5. And what a lot of everything else there is. The performances are all good, with Will Poulter and William Jackson Harper doing the best they can in small roles (asshole and Chidi respectively). Jack Reynor gives a lovely, subtle performance, bringing forth Christian’s shittiness without ever falling into obvious ‘bad movie boyfriend’ tropes. But the film belongs to relative newcomer Florence Pugh, whose performance can only be described as volcanic. Even before tragedy strikes, Dani is a raw nerve, throbbing with neuroticism and barely concealed anxiety. Aster has a gift for staging scenes of unadulterated grief, and like Toni Collette (in Hereditary) before her, Pugh more than rises to the occasion, wailing to the extent that it seems simultaneously inhuman and extremely human. After the first ten minutes, it becomes a question of when, not if, Dani will succumb to her grief, and Pugh plays both the agony of repression and the ecstasy of release to total perfection. It is not as astounding a performance as Collette’s (who was given a more rounded character to play, giving her portrayal more dimensions), but it is undoubtedly one of the best of the year, and a hell of an entrance onto the world stage.
6. Oh yes, the most ‘holy shit I can’t believe this works’ aspect of Midsommar? The comedy.
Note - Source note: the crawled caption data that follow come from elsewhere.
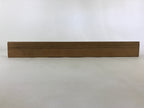 Japanese Wooden Hanging Scroll Box Vtg Kakejiku Hako Inside Length 60.7cm SB230
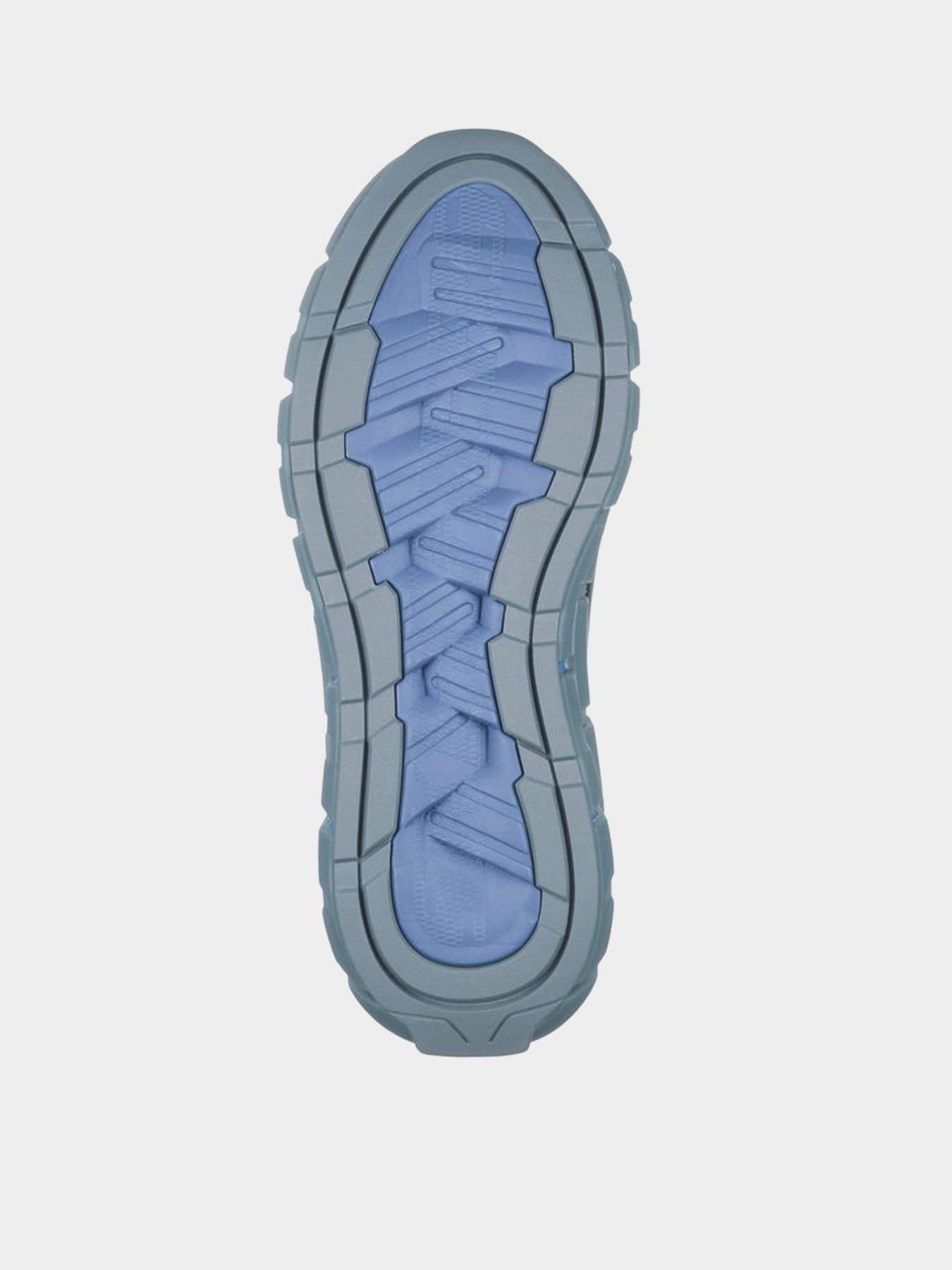 Кроссовки повседневные Skechers  Waveline - Defyer модель 210253 BKGY Фото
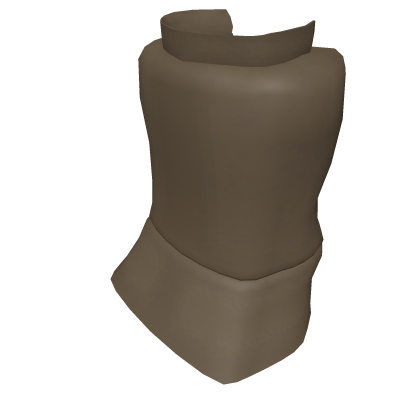 Brown Sophisticated Overcoat Cape (3.0) Roblox item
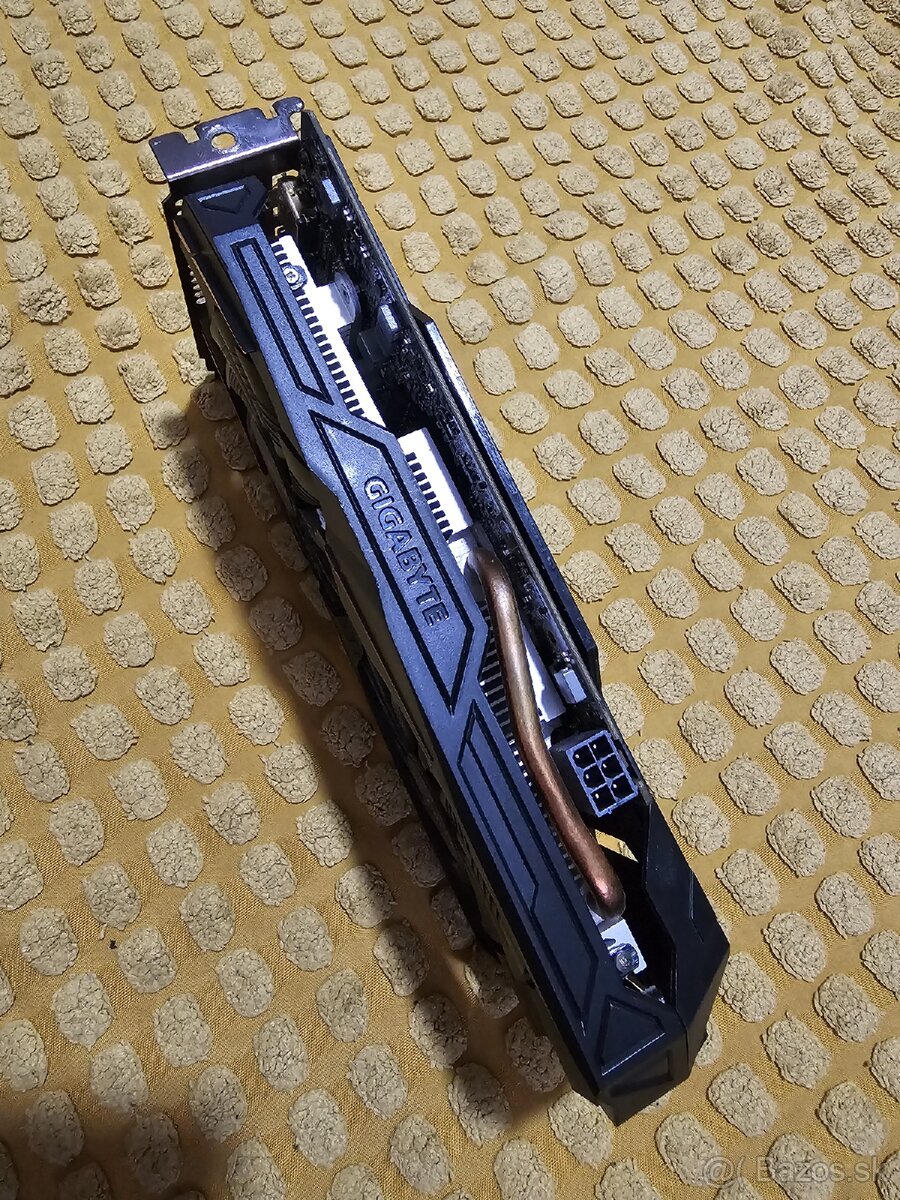 Predám Grafiku Gtx 1060 3GB - 2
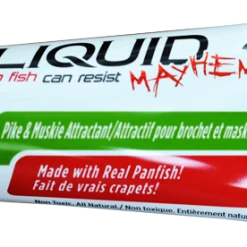 MAYHEM BAIT CO. LIQUID MAYHEM - FISH ATTRACTANT
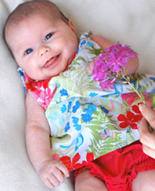 Johnson’s baby - 妳的寶寶 5 周大了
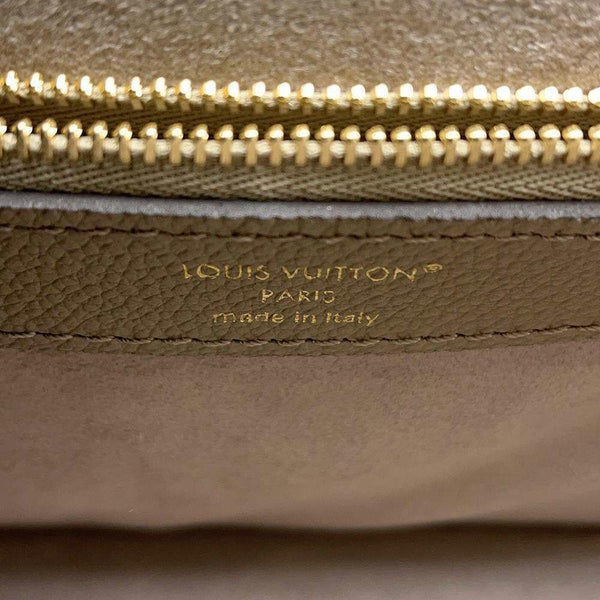 ルイヴィトン ショルダーバッグ モノグラム・アンプラント ディアヌ M46583 LOUIS VUITTON 2way バイカラー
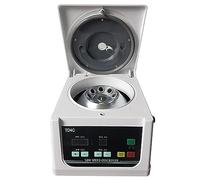 Centrifuga de mesa microcentrifuga portatil alta velocidad laboratorio PCR 16000. (r/min) centrífuga de baja velocidad,8 * 20ML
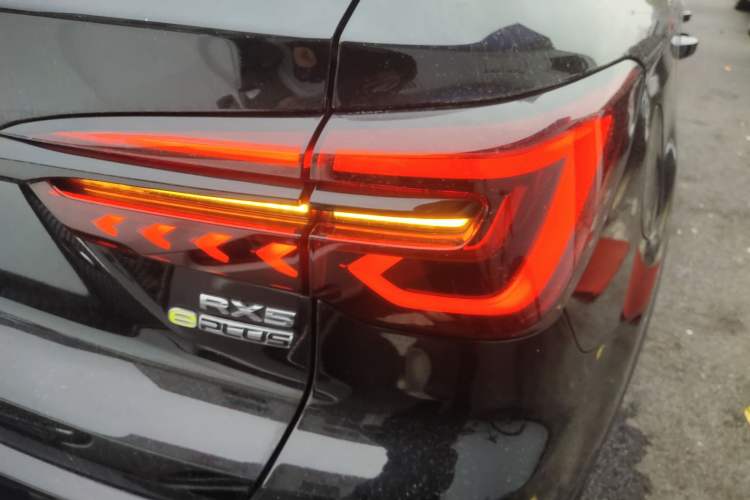 Used Roewe RX5 New Energy 2020 ePLUS National Trend Ronglin Luxury Edition Right Rear Taillight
Aster has complete tonal control over his movie, and has very deliberately crafted Midsommar into a perverse sort of comedy. There are three key elements of comedy here – the subtle cringe comedy of the collapsing relationship between Dani and Christian, the fish-out-of-water comedy of the Americans in an alien environment, and finally (and most boldly of all), the sheer farce that the cult’s ‘festivities’ descends into by the end of the film. Rare is the film that skillfully combines horror and comedy, rarer still is the film constructed to evoke both in equal measure from similar subject matter. Most horror-comedies lurch from one to the other in zombie-like fashion, but Midsommar is much too clever for that. No, this is that odd beast that will make you wince at an image onscreen before chuckling at the exact same image. The film understands that going out-there out-there can be both terrifying and funny, which is pretty much the only way I can describe the shot of Dani sitting in what can only be described as a smock of flowers with a frowny face.
7. With Hereditary and Midsommar, Ari Aster has established himself as an emerging titan of the horror genre*, with an auteurist obessions of using the occult to tell allegorical stories of trauma and repression. His formal chops are beyond reproach (every shot in Midsommar lasts exactly as long as it needs to be, which is sadly uncommon), and his ability to truly burrow under the skin of a viewer is impeccable. Midsommar, with its uncanny fusion of freak-folk-festivity and truly shocking imagery, is the type of film that draws you deeper and deeper into its spell until it has hooked itself deep into your subconscious. You will never look at flower-crowned blondes dancing in a field the same way ever again. Happy Midsommar.
* By far and away the most promising genre in terms of developing talent. In the recent years we have had Jordan Peele, Robert Eggers, Jennifer Kent, David Robert Mitchell, Trey Edward Shultz and Jeremy Saulnier. Hell of a field right now.